= EXERCISE =
Find the lines below that include the word "Blue" and state how many there are, adding nothing.

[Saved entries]
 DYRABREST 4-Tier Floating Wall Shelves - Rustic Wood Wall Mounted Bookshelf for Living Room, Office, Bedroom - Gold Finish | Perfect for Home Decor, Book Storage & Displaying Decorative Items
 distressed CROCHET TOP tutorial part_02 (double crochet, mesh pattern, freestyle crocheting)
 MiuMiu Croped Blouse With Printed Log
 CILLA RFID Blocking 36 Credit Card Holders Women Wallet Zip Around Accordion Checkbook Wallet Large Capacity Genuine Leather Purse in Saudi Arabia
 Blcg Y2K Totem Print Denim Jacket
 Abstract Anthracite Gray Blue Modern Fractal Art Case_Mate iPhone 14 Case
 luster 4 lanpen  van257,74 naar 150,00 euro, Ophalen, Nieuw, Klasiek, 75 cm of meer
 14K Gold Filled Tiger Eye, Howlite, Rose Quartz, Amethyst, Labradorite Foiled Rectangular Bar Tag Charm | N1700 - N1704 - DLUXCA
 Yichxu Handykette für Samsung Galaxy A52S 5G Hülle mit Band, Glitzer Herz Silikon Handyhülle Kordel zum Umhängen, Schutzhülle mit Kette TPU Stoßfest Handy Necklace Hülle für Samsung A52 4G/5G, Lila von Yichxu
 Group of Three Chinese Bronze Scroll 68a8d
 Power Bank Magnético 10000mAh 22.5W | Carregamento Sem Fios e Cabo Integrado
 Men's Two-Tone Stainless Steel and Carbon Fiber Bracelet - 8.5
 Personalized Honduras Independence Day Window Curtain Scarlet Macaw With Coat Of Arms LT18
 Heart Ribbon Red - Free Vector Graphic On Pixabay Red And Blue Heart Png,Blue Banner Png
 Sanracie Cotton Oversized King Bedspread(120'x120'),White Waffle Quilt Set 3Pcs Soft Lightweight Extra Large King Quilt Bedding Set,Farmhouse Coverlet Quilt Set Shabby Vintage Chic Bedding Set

= WRITTEN RESPONSE =
2